I remember clearly how on Jan. 6, 2021, one of my colleagues rushed into my classroom to tell me that I “might want to turn on the news.” As my students were working independently, I quickly checked the news on my computer and made the decision that we needed to stop what we were doing and “witness history” ourselves. Together, we watched as the insurrectionists ran up the Capitol stairs.
“Mr. Guzda, this is fascism isn’t it?” asked one student.
Yes, I replied, adding that the whole world was watching.
“If most of those people looked like us, they would be shot wouldn’t they?” asked another.
I looked at my predominantly Black and Latino students. “I see and know why you are saying that,” I said. “You probably aren’t wrong.”
The rest of that day is a blur, but what I do remember is that outside of these observations and questions, the classroom was very quiet. It was not filled with the banter, laughter, and joyous energy that usually permeate our room. I could tell by the looks on my students’ faces that they understood the gravity and historic nature of what was happening.
Here, too, my students were learning about democracy — and its fragility.
In our community, we know this all too well. The same school board that installed a man who attended Trump’s Jan. 6, 2021 rally and then marched to the Capitol had previously taken the extraordinary measure of eliminating the general public comment period during school board meetings.

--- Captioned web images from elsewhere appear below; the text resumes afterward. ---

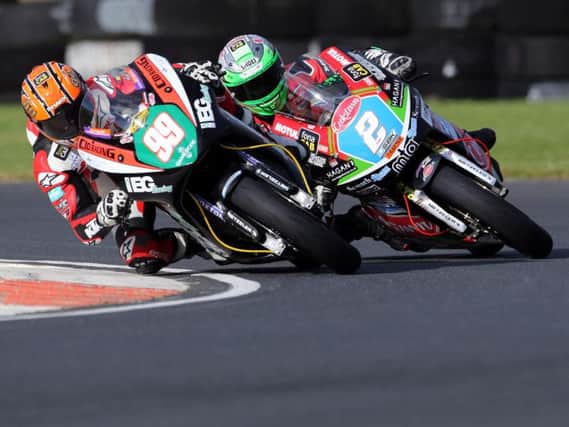 Jeremy McWilliams (KMR Kawasaki) leads Glenn Irwin (Burrows Engineering Kawasaki) in the Supertwin class at the Sunflower Trophy meeting iat Bishopscourt in 2018.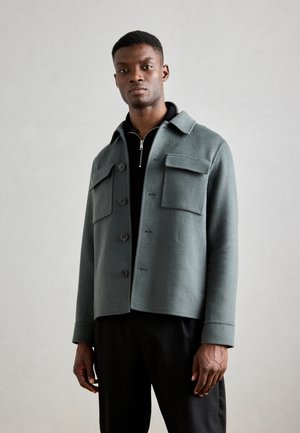 Gray wool blend jacket with a collared neckline, front buttons, and two chest pockets. Smooth texture and tailored fit.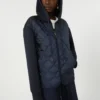 Padded, hooded jacket in water-repellent canvas and jersey, navy Padded, hooded jacket in water-repellent canvas and jersey, navy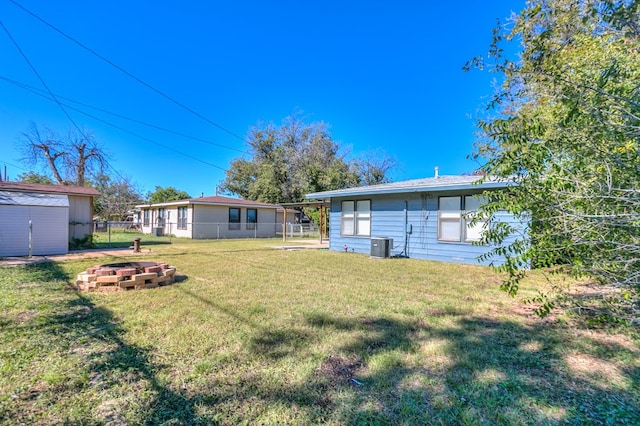 view of yard featuring central AC unit and a fire pit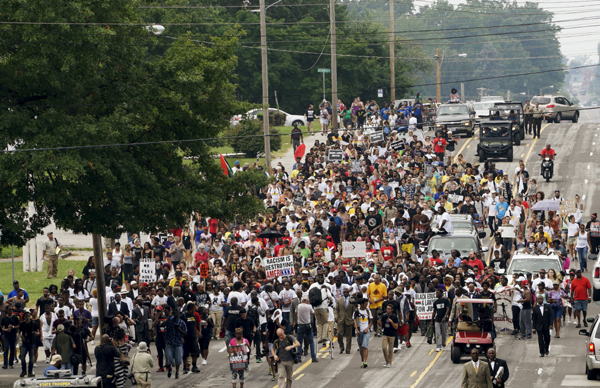 Gunshots heard as Ferguson protests turn violent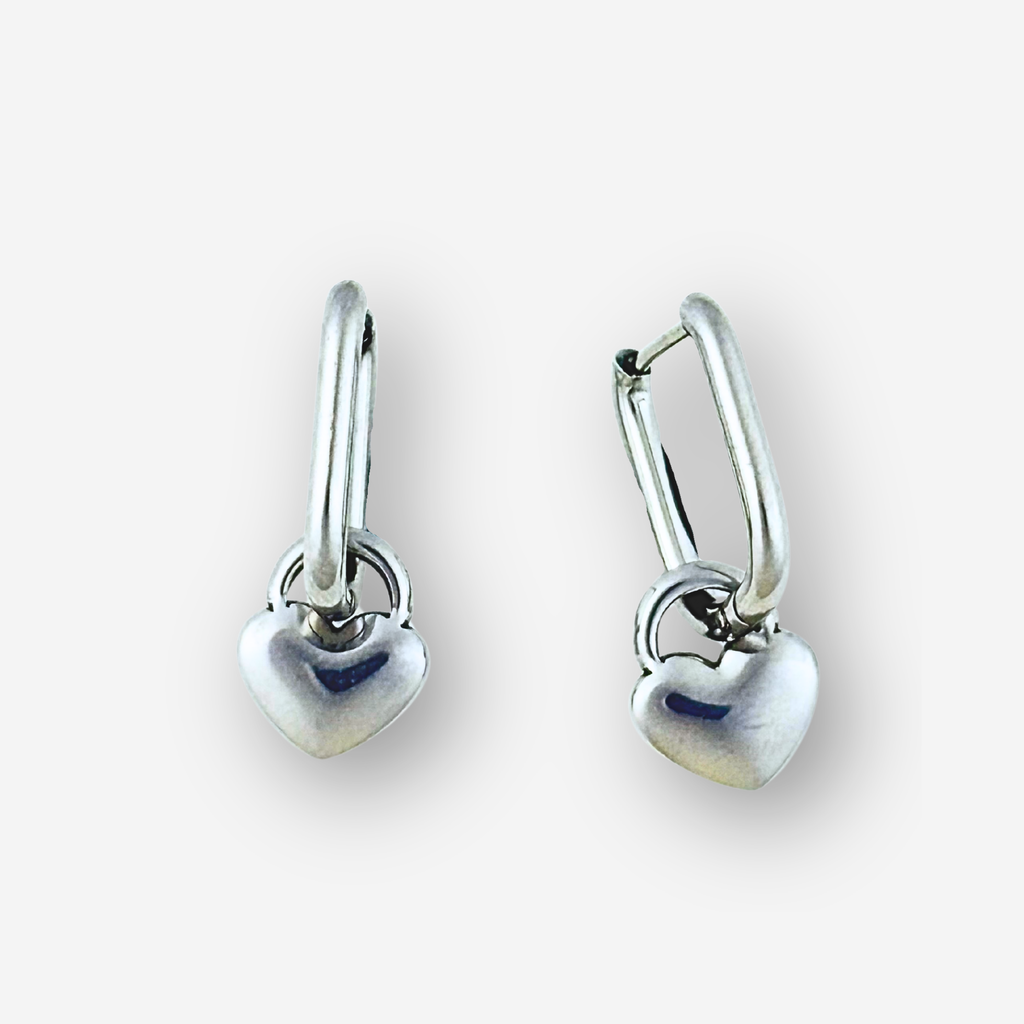 Pair of silver heart-shaped earrings on a white background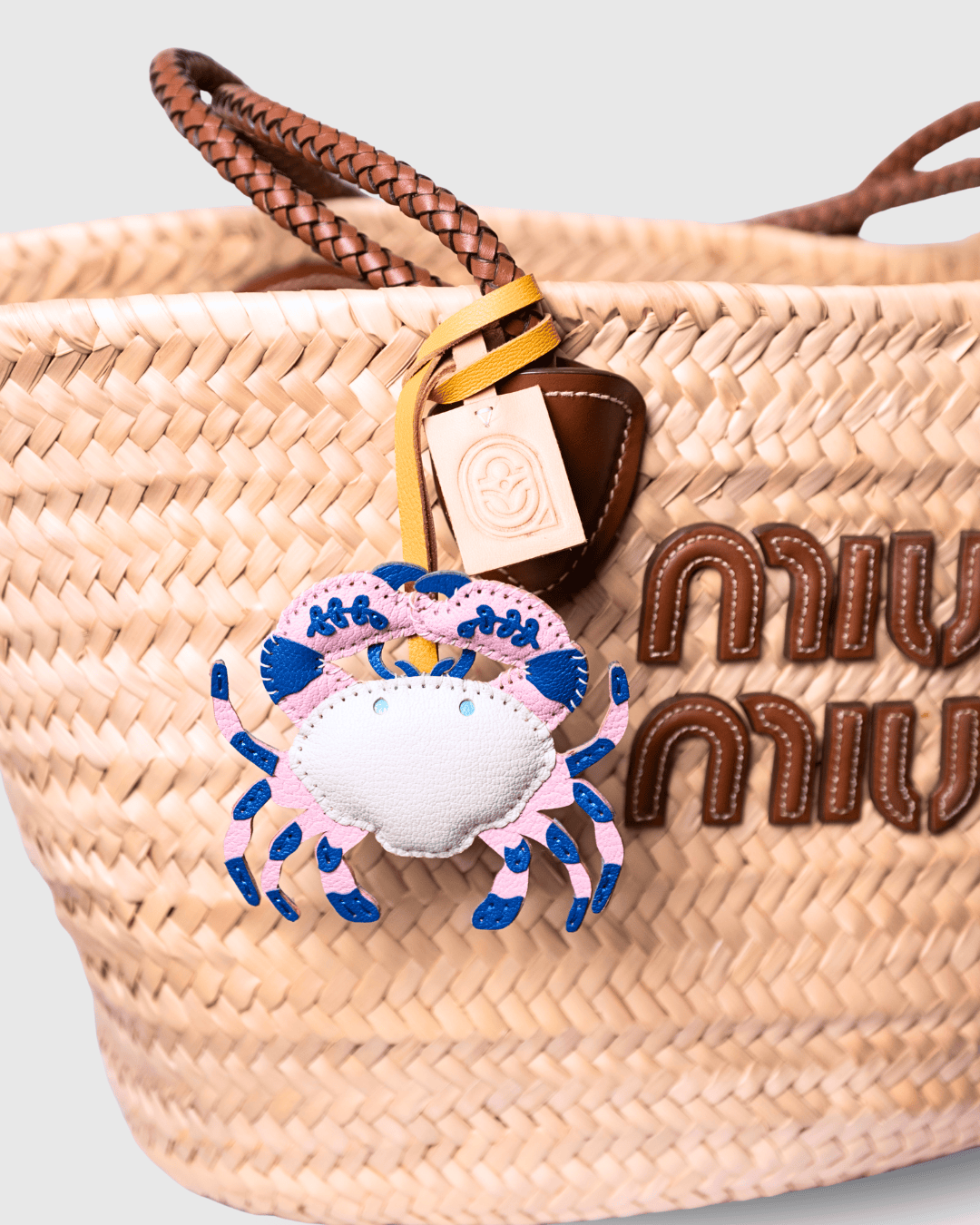 Straw tote bag with crab charm.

This change occurred in the immediate aftermath of Hurricane Ida, when much of the public was out of state and reeling from the impact of a devastating storm. This policy represented yet another example of the erosion of democracy.

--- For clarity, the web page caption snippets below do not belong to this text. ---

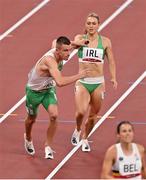 31 July 2021; Christopher O'Donnell of Ireland takes the baton from team-mate Sophie Becker during the mixed 4 x 400 metres relay final at the Olympic Stadium during the 2020 Tokyo Summer Olympic Games in Tokyo, Japan. Photo by Brendan Moran/Sportsfile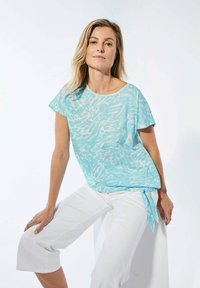 Hellblaues Oberteil mit einem dezenten weißen abstrakten Muster, kurzen Ärmeln und einem Seitenbindedetail. Getragen mit weißen, knöchellangen Hosen.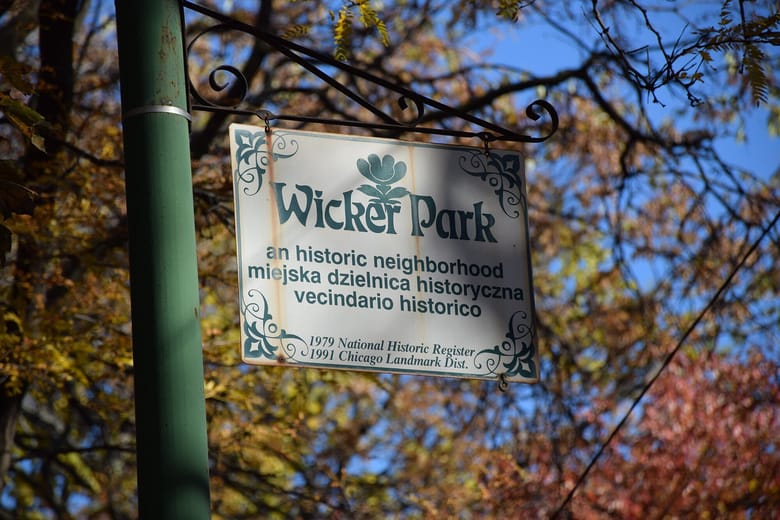 Green sign post holding up a vintage white sign with green text that reads "Wicker Park an historic neighborhood 1979 National Historic Register"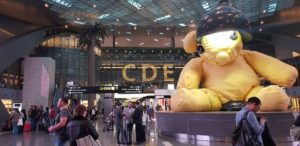 6.8 million dollars , 35,000 pound (bronze) Lamp Bear @ Doha Airport, Flying economy with Qatar Airways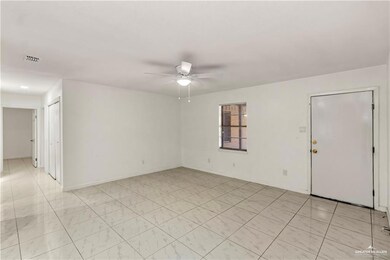 Spare room with ceiling fan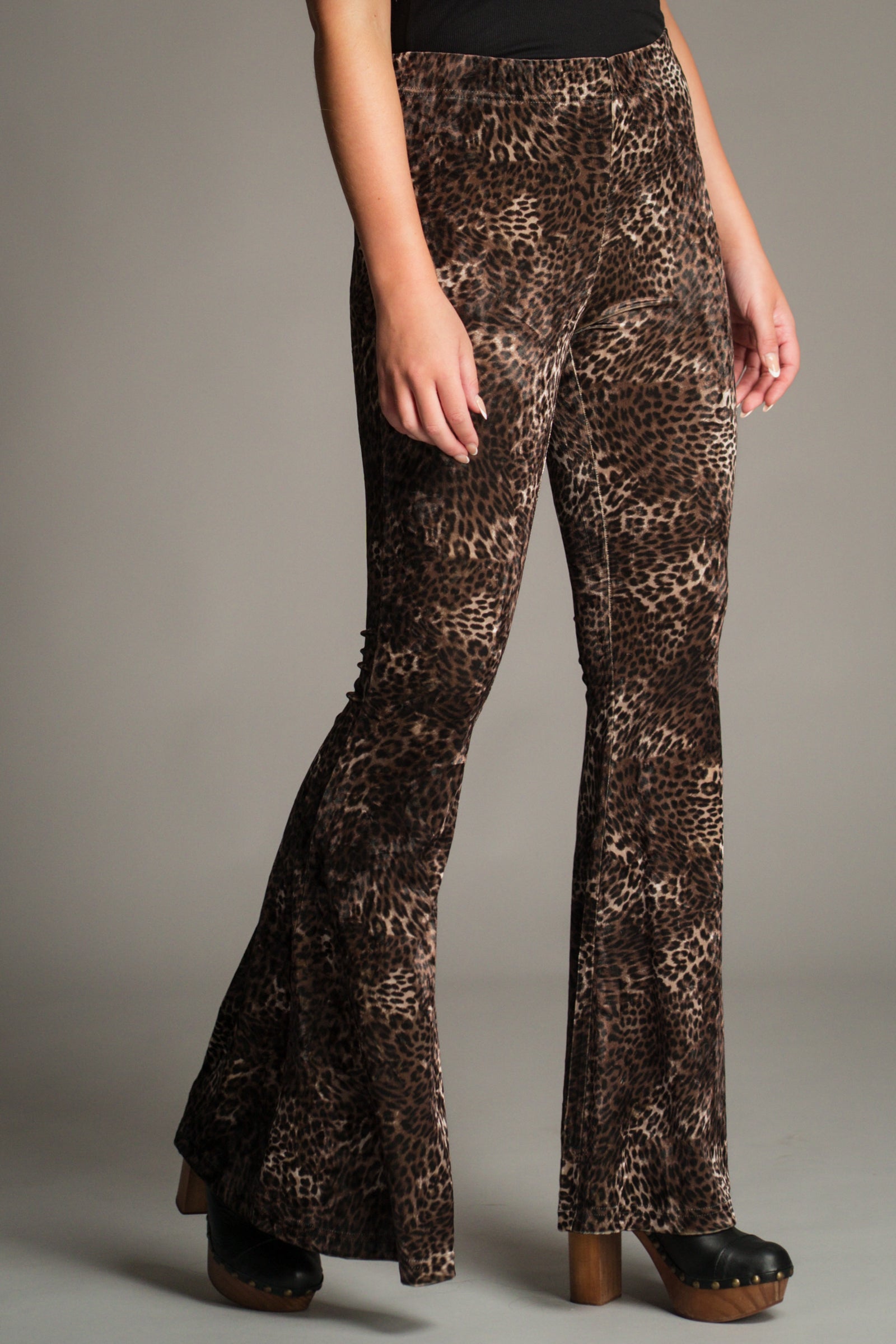 Close-up front view of the Hendrix Leopard Velvet Flares showing velvet texture and high-waist fit.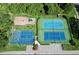 A fenced community playground and tennis courts provide residents fun recreational activities at 9308 Fairway Lakes Ct, Tampa, FL 33647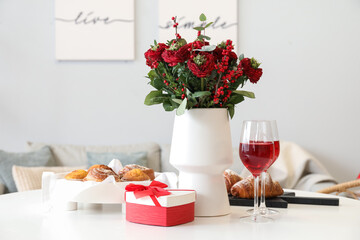 Vase with flowers, pastries, glasses of wine and gift for Valentine's Day on dining table in room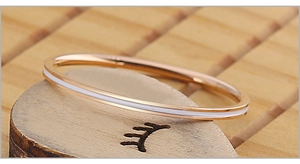 Vue macro d'une bague en acier titane or rose avec émail blanc sur un support en bois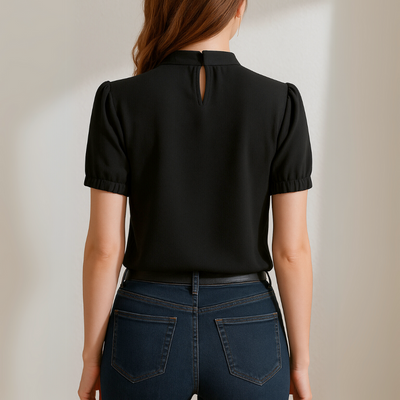 Chelsea - Blusa negra plisada con mangas abiertas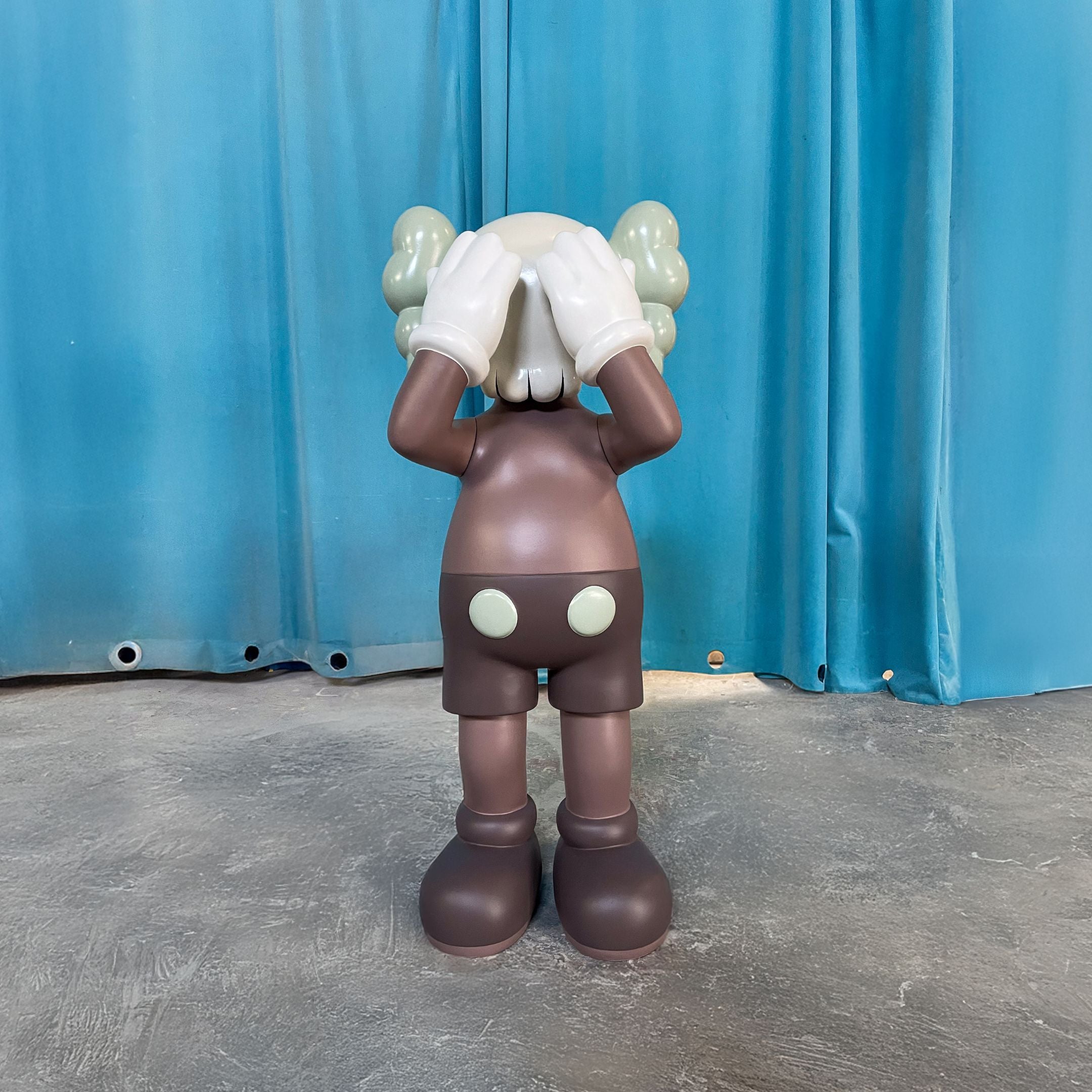 The Hazelnut Brown Iconify Silent Cry Sculpture (91cm) by Giant Sculptures stands on a gray floor before blue curtains, covering its face with gloved hands—a whimsical touch of contemporary art decor.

The anti-democratic behavior of the Jefferson Parish School Board has also been on display when it comes to issues of race. Despite pleas from the community — including social studies teachers who signed letters to the district — the majority-white school board has not changed the names of several schools that still honor white supremacists, such as Sen. Allen Ellender, an ardent segregationist, and Alfred Bonnabel, an education official who supported the Confederacy and owned enslaved people. In a school system that predominantly serves Black and brown students, it’s egregious that there hasn’t been so much as a commission to look into the name changes. It is evident that some people in power do not understand the generational and historical trauma that many of our students and teachers face.
Is it any wonder I’m seeing so many Louisiana teachers (and teachers around the country) leave their jobs? Given the lack of professional courtesy. Given the obsession with standardized testing. Given the mounting workload and the low pay.
It is not because we do not love our students and our work. It’s often because of decisions from out-of-touch boards, district leaders, and state officials. Even as we, teachers, strive to instill democratic values in our students, it can feel like democracy is leaving us behind.
John Guzda is a fierce advocate for public schools. He serves as the social studies department chair at West Jefferson High School in Jefferson Parish, Louisiana.